The pink batts program was a complete and utter waste of taxpayers’ hard-earned dollars. Sadly, in my electorate we have also seen this with the BER program. We have examples of contractors heading from Geelong, travelling 2½ hours, to do garden remedial work and then driving back again, and that remedial work took half an hour. Why couldn’t a local contractor have been used? We have schools getting $800,000 halls where there are six students at those schools. We have Dunkeld Primary School where they wanted to use the classrooms which were to be demolished to build new change rooms for the local cricket club. They could not. They also wanted to construct the building using local labour, and that local labour put off work for 12 months while they waited for the approval process, only for the state government, through the federal government, to decide that what they were going to get were demountable classrooms from Melbourne delivered up to the school. This type of gross waste hurts local communities and especially regional and rural communities. Because those businesses put off work they would have had in order to help with the school, they lost income and they cannot grow and expand as they should be able to.

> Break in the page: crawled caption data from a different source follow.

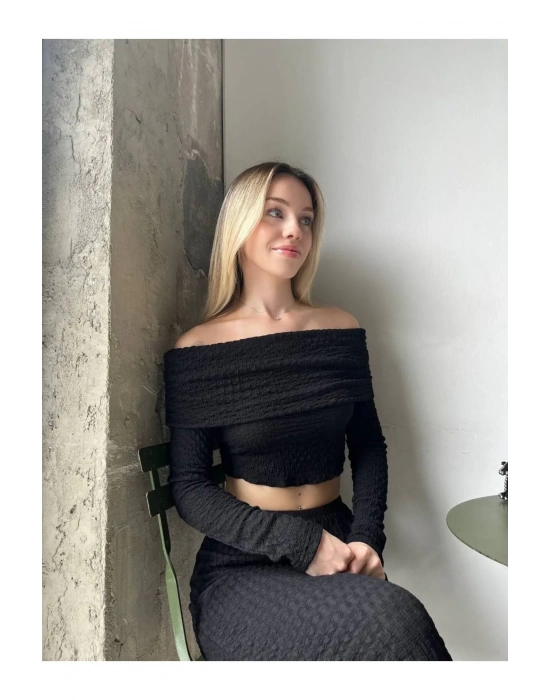 bysoca Kadın Siyah Madonna Yaka Düşük Omuz Gofre Kumaş Dokulu Crop Bluz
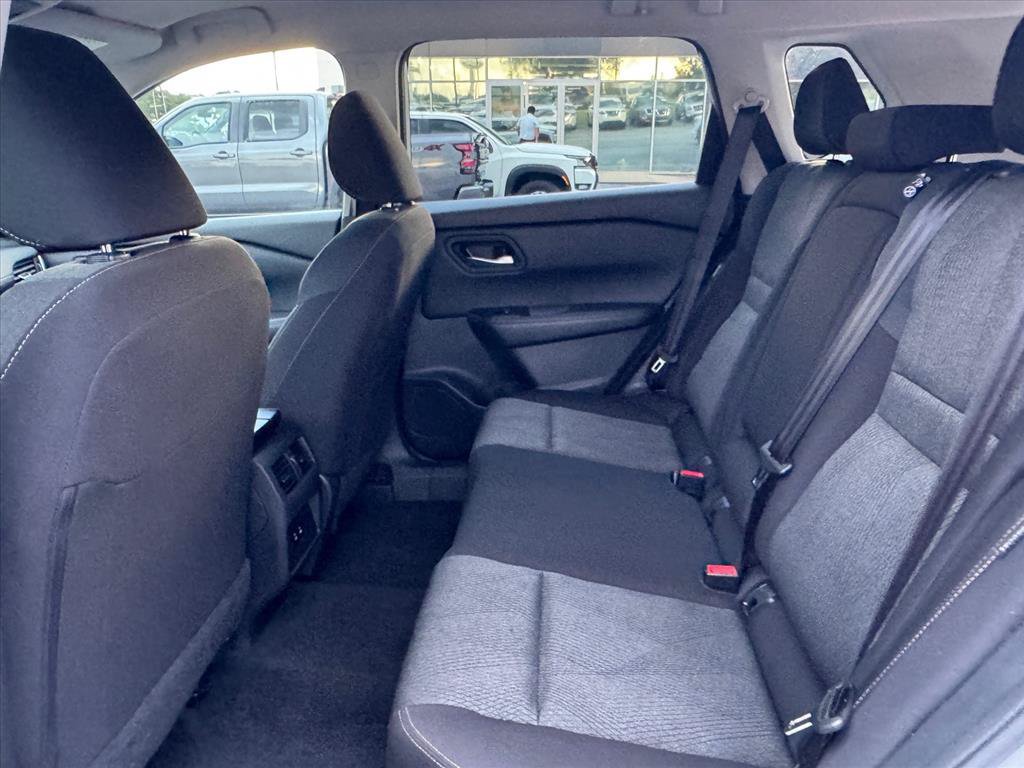 Certified 2025 Nissan Rogue SV FWD image 12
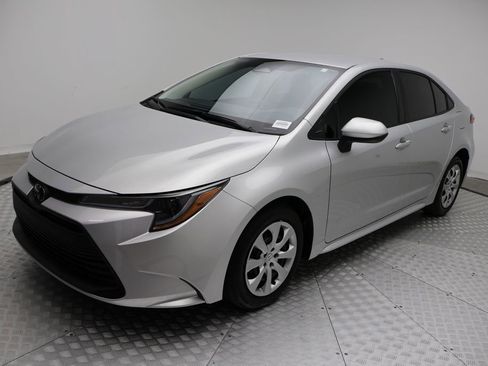 Used 2025 Toyota Corolla LE image 1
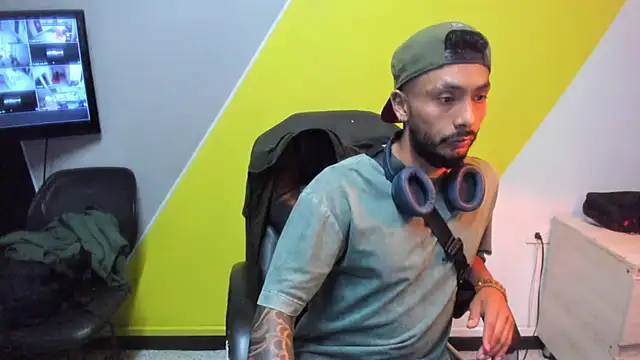 Tom cooper  online show from April 2026 04:48:01 AM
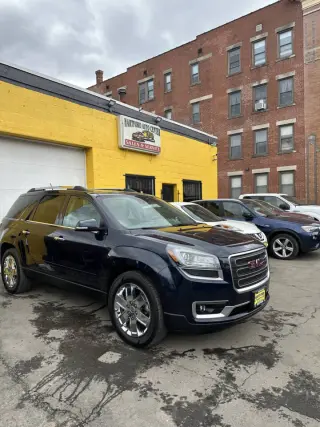 2017 GMC Acadia Limited
Base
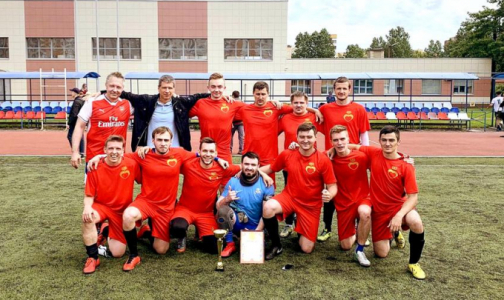 Сердечный финал: врачи Центра Алмазова показали коллегам «мастер-класс» на поле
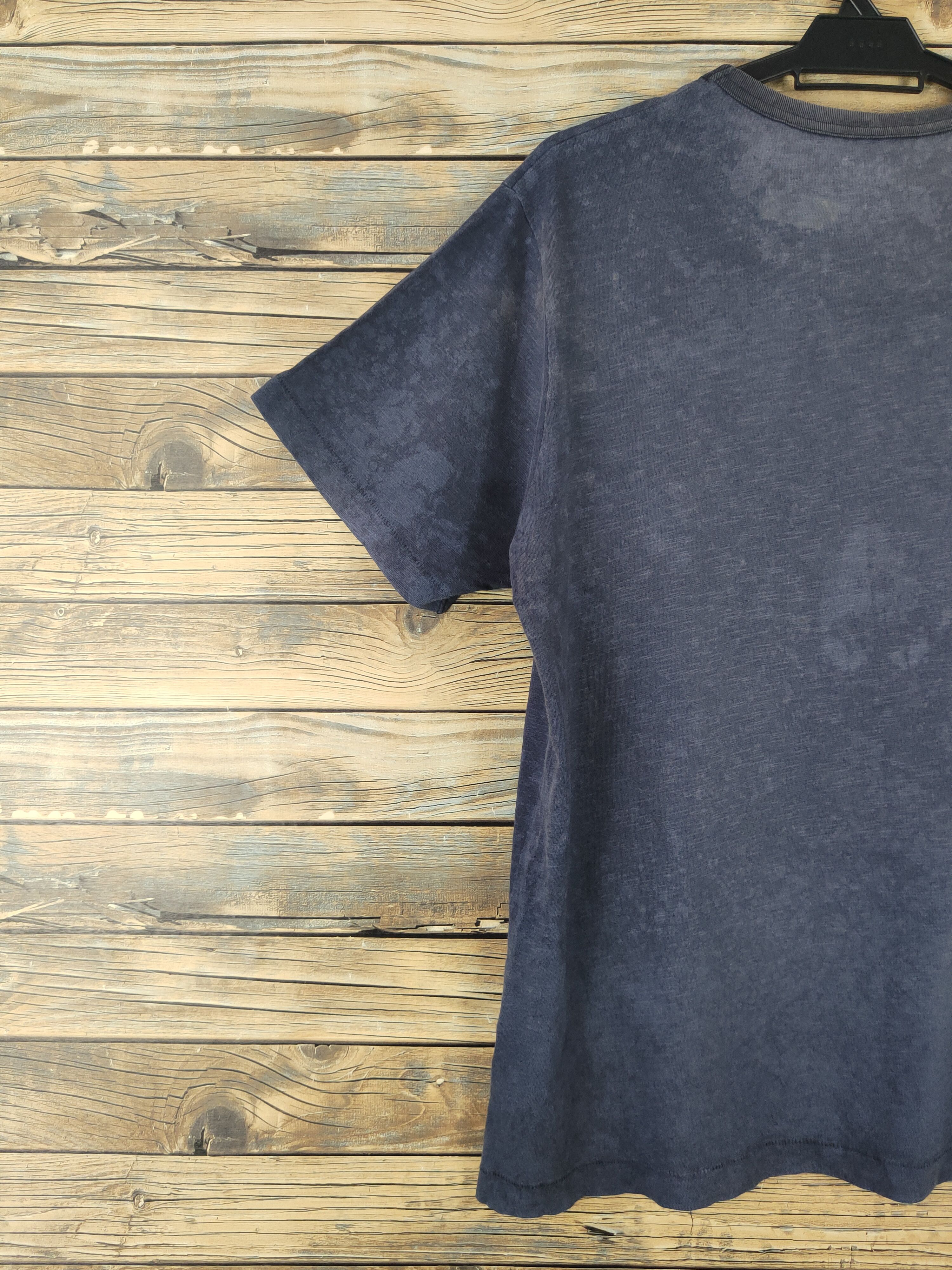 Japanese Brand × Vintage DL Uniqlo swan Navy Faded Short Sleeve T-shirts #661 Size US L / EU 52-54 / 3 - 10 Thumbnail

In contrast to what the government are doing, the coalition are committed to doing everything necessary to rebuild and repair the budget. We have outlined savings. In fact, last year the coalition set out $50 billion worth of savings and cuts to the Rudd-Gillard government’s reckless and wasteful spending. And earlier this month the coalition outlined more than $2 billion in further savings measures that the Gillard government should adopt instead of its flood tax. If Labor had been taking proper care of their finances, as the Howard government did previously, they would not be in the position where they were caught off guard and felt they needed to add another tax to dig themselves out of their budget black hole.
Instead of a new tax, the government needs to cut wasteful spending such as government advertising, reduce consultancy expenses, put a freeze on Public Service recruitment and cancel the National Broadband Network. It also needs to stop its mantra of tax, spend and borrow. If it continues to head down this path, the long-term future of the Australian economy is going to be very bleak indeed and the long-term future for our local communities is going to be very bleak indeed. If Australian families can live within their means, the government should be able to do likewise. It needs to stop borrowing $100 million a day. It has to learn to live within its means. It has to stop taxing, spending and borrowing in a way that is going to hurt us for the years ahead.